You can add layers of high quality simple systems to increase your overall security exponentially, think using a VPN behind TOR etc.

[adastra22]

Security person here. Open sourcing your entire stack is NOT best practices. The best defense is defense in depth, with some proprietary layers unknown to the attacker.

[vlovich123]

Who have you been listening to?

[0xDEAFBEAD]

It should be possible to add layers without increasing attack surface.

[dkarl]

I think it's just a poorly chosen analogy. When I read it, I understood "weakest link" to be the easiest path to penetrate the system, which will be harder if it requires penetrating multiple layers. But you're right that it's ambiguous and could be interpreted as a vulnerability in a single layer.

[chaps]

Isn't offense just another layer of defense?

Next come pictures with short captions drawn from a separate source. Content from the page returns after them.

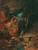 Digital Print - Die Sennerin auf dem Waldsteg by Carl Spitzweg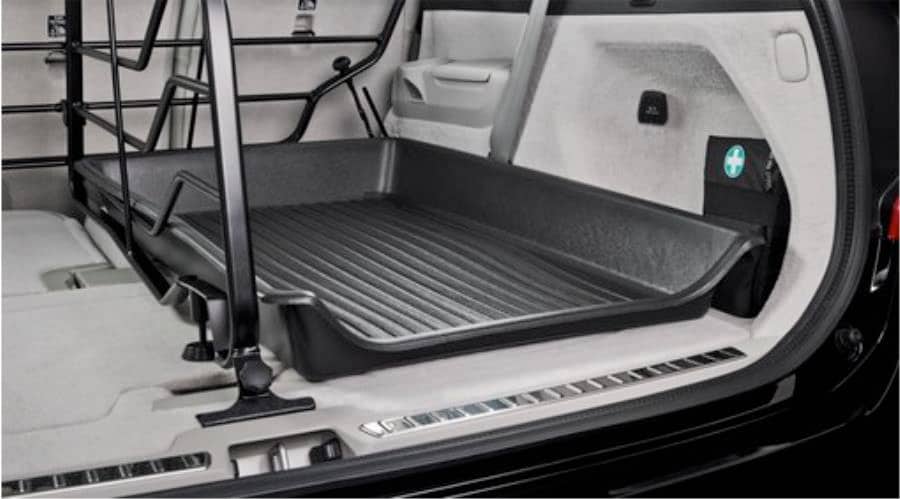 Volvo Dog Devotee - Accessories Volvo Dog Devotee - Accessories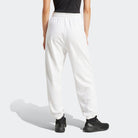 Adidas Calças Fato de Treino W SL FT CF PT 3S Branca Adidas 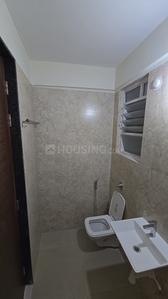 Image of 930 Sq.ft 2 BHK Apartment / Flat for rent in Sentosa Pride , Punawale, Pune for Rs. 26000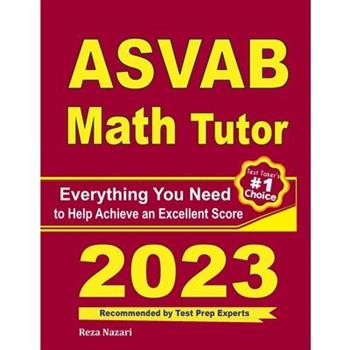 ASVAB Math Tutor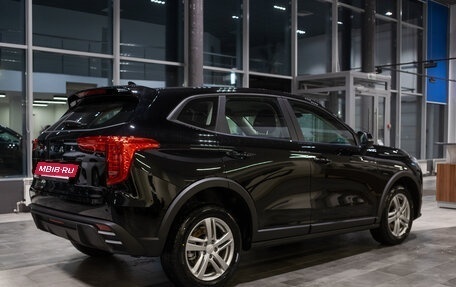 Haval Jolion, 2025 год, 1 999 000 рублей, 4 фотография
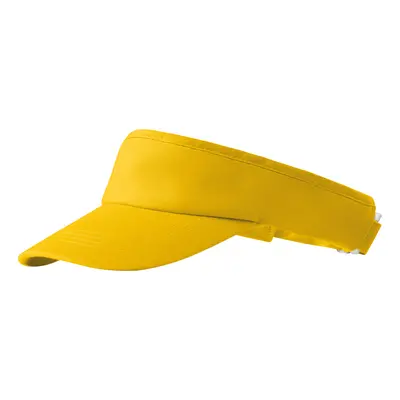 Čepice Sunvisor 310 - žlutá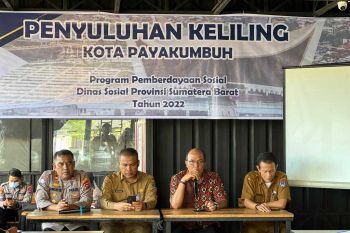 Ketua DPRD Sumbar ajak orangtua rangkul anak secara konsisten
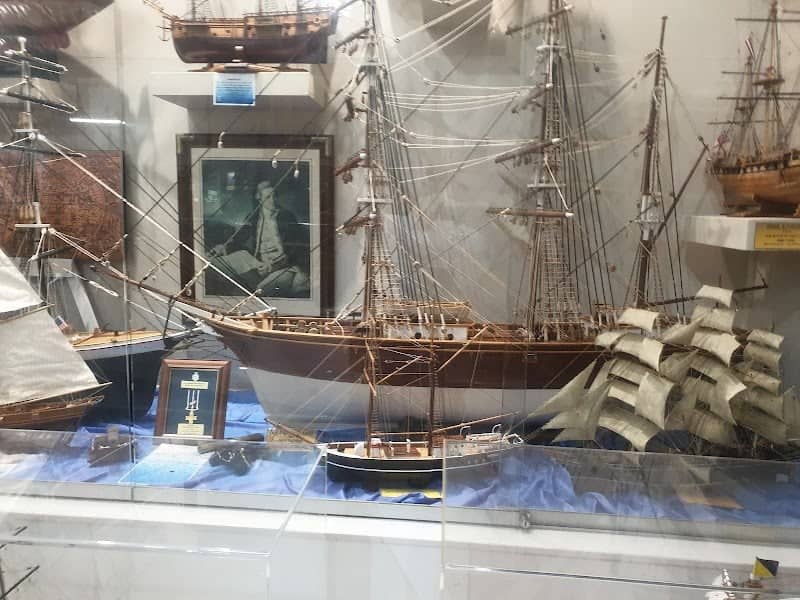 Ballina Naval and Maritime Museum - Image 1
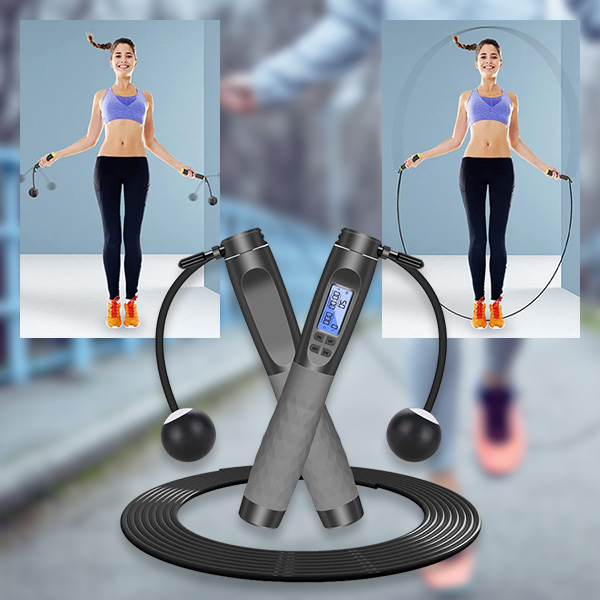 Digitálne švihadlo | ROPENETIC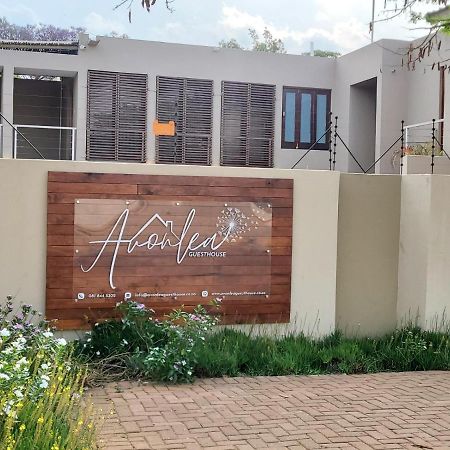 Avonlea Guesthouse Polokwane Eksteriør billede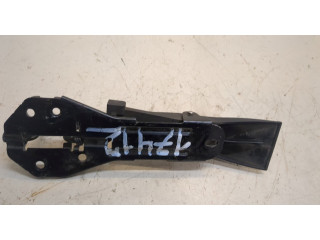 Замок капота Audi A6 (C7) 2011-2014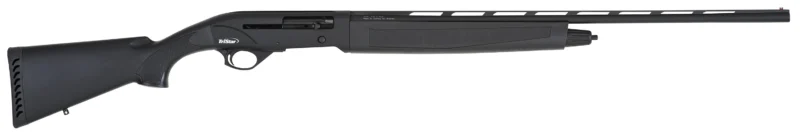 TriStar Viper G2 Compact .410 26in vent-rib shotgun with black synthetic stock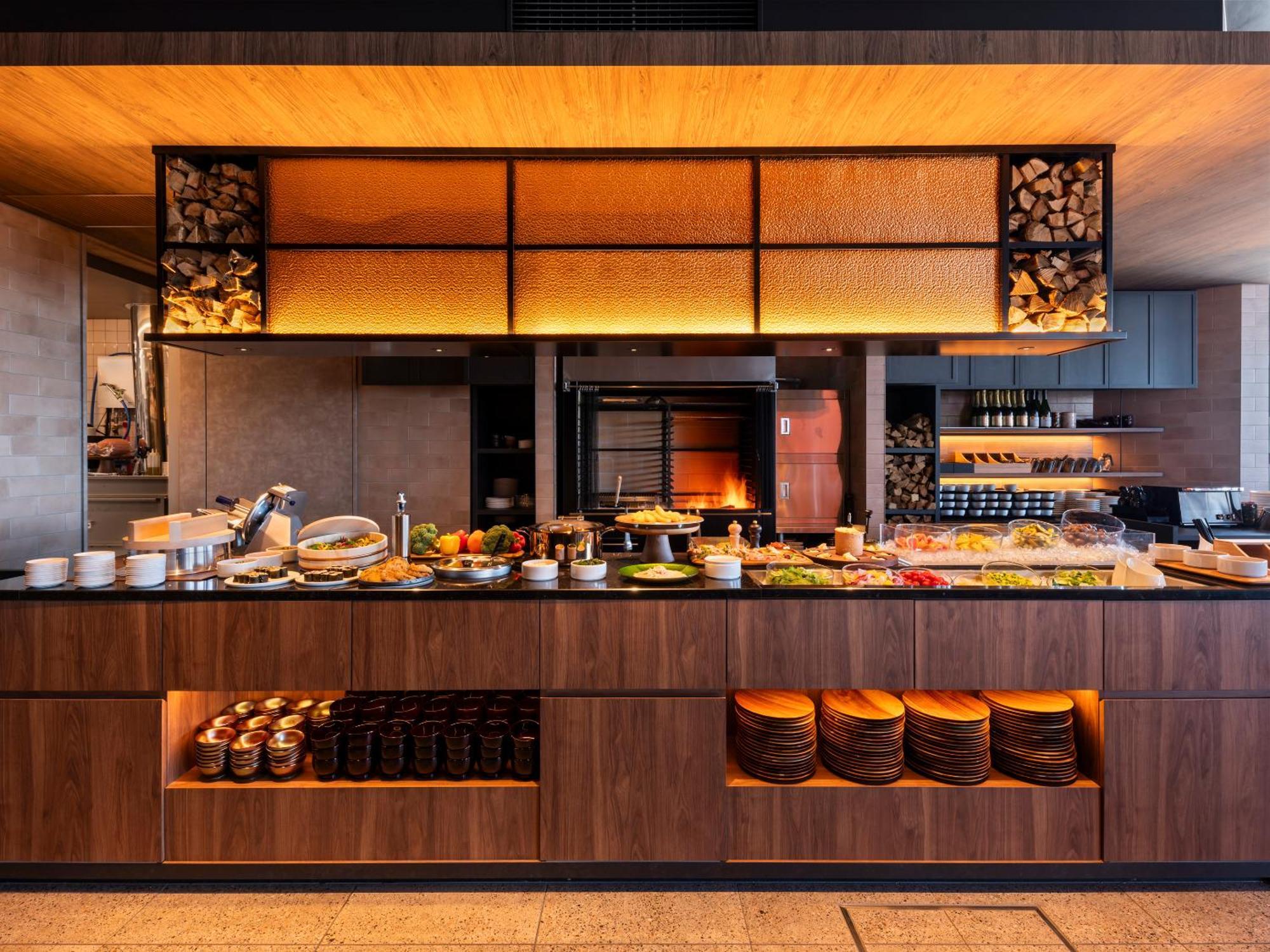 Mitsui Garden Hotel Ginza Tsukiji 東京都 外观 照片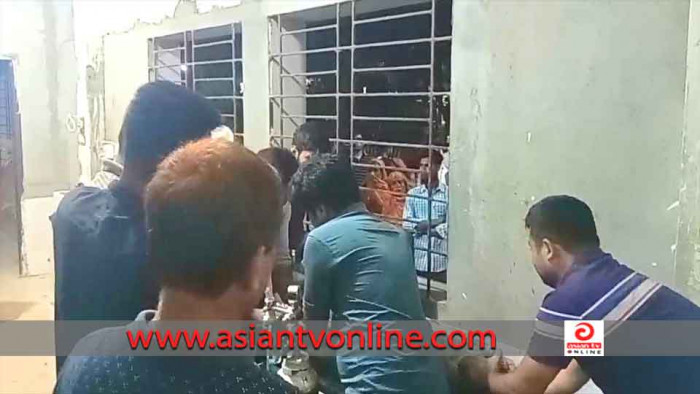 লালমনিরহাটে সেপটিক ট্যাংকে পড়ে শ্যালক নিহত, আহত দুলাভাই
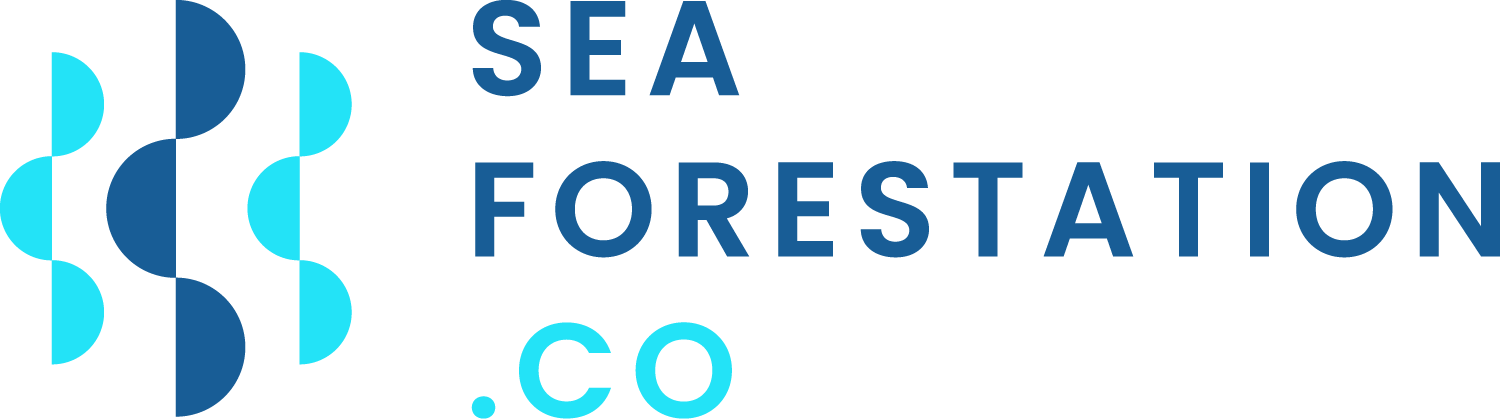 seaforestation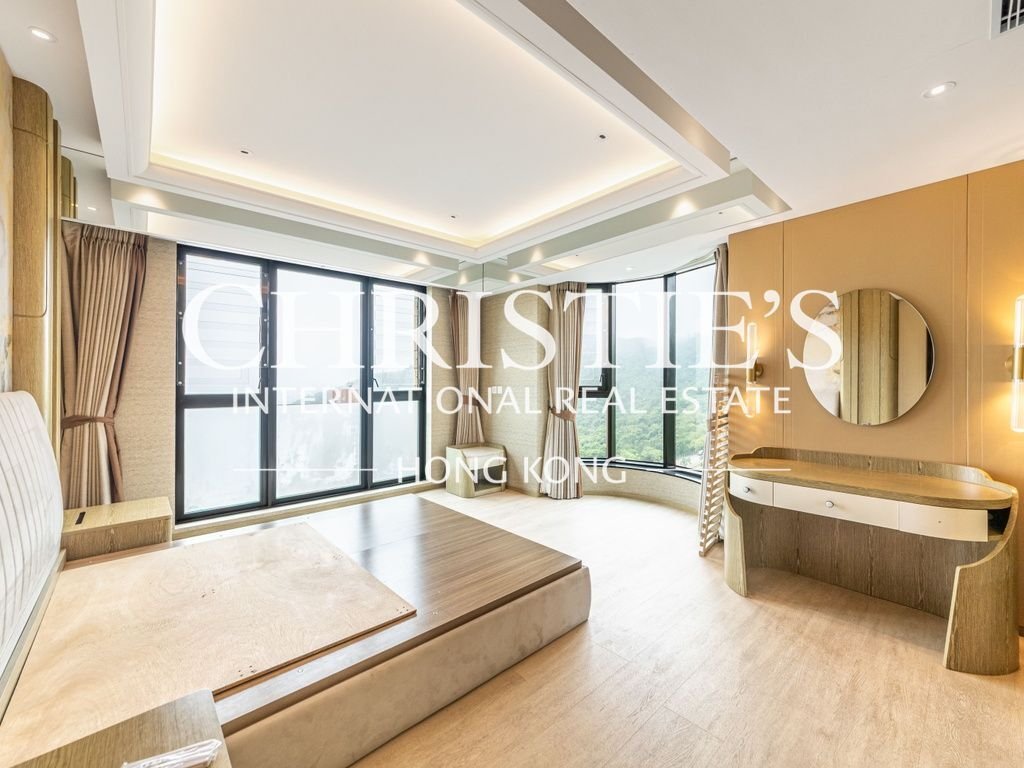 Apartment in Hong Kong, Hong Kong 4 - 18014989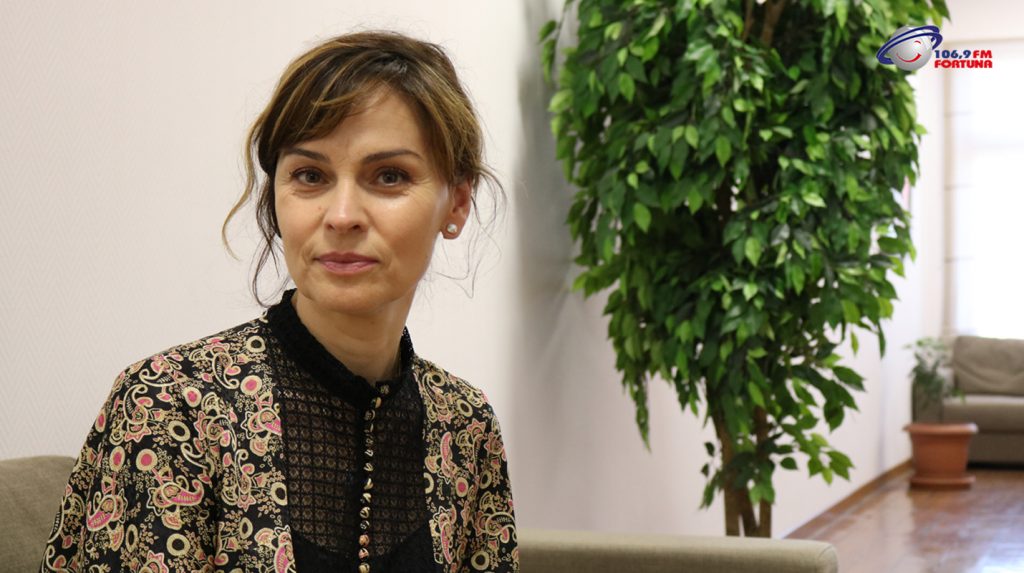 ,,16 წელია ქალაქგარეთ ვცხოვრობ… შეუძლებელი გახდა ქალაქში ცხოვრება, ყველგან რაღაც შენდება” –  ნინო კასრაძე სტუმრად „არტ FM”-ში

As they say, the best defense is a good offense.

[fdw]

They say this about sports, which is (usually) a zero-sum game: If I'm attacking, no matter how badly, my opponent cannot attack at all. Therefore, it is preferable to be attacking.

In cyber security, there is no reason the opponent cannot attack as well. So, my red team is attacking is not a reason that I do not need defense, because my opponent can also attack.

[chaps]

My post was really was in the context of real-time strategy games. It's very, very possible to attack and defend at the same time no matter the skill of either side. Offense and defense aren't mutually exclusive, which is kinda the point of my post.